As much as I would love a third child, that would require major sacrifices that I don't think I am prepared to make. I would have to pull Lily from activities and none of them would be able to do everything I'd want them to do. The financial side is a huge driver in my decision too...the thought of paying for daycare/aftercare for three...OMG. Since I am pretty much the only one wanting a third child...it doesn't seem fair that everyone would have to make such major adjustments because of my own desires. I'd rather be the one to sacrifice than my family.
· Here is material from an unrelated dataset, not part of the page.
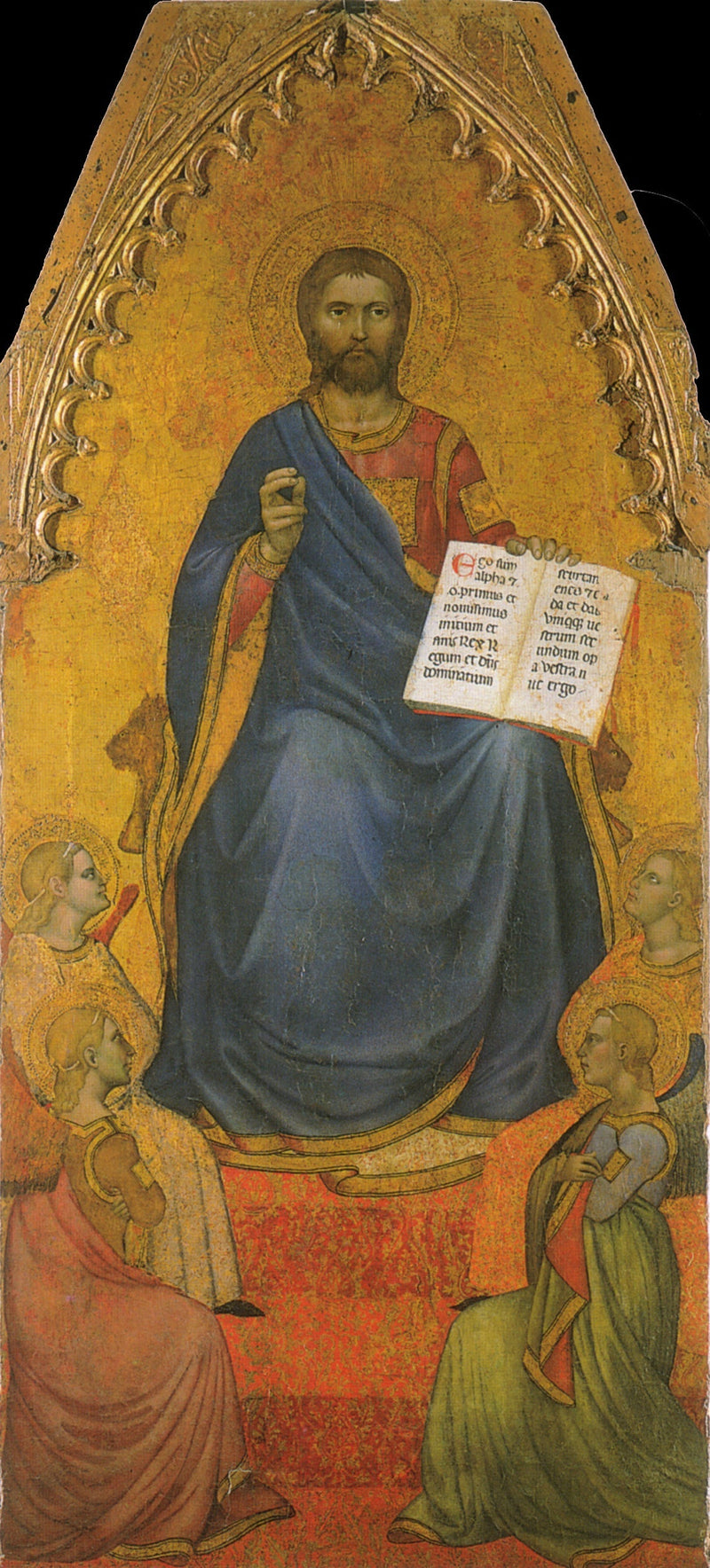 Cristo no seu trono, adorado pelos anjos - Giovanni da Milano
Also, I've never really had baby fever. I can't see myself going through the infant/toddler state again. The diapers, maternity leave, formula, daycare, the tantrums...I just can't! Ethan just turned 3 and I'm starting to see the light at the end of the tunnel! Soon they'll be able to do all sorts of cool activities and stuff together. We'll be able to take real vacations and enjoy it instead of having to plan around caring for a baby. Maybe if I could get pregnant and give birth to a 4-year old I could do it, lol. I don't want to wait another 5 years to get the freedom from the rigors of those first few years. We just moved and I shocked myself by how easily I threw out old baby stuff--the car seats especially. I just kept thinking wow, if we stay at two kids, in one year we'll never have to hook up another car seat again! I just threw everything out and didn't even look back.
Even though it's clearly the best thing for our family, I'm a little sad about the decision. I'm relieved and excited about the next phase of life, but a part of me feels that I've "failed". Hopefully in time this will feel more like a choice and not like something that was imposed on me due to circumstances. It also doesn't help that everyone seems to assume that I am done. I'd like to feel like this was a choice that I freely made--not something I had to do because it was expected. I also hate that it comes down to finances. Whenever I tried to budget for a third kid, it really got me down. Sometimes I feel like I chose material things over a child. I think subsconsciously I am already "there" but it may take a little time for my heart to fully catch up.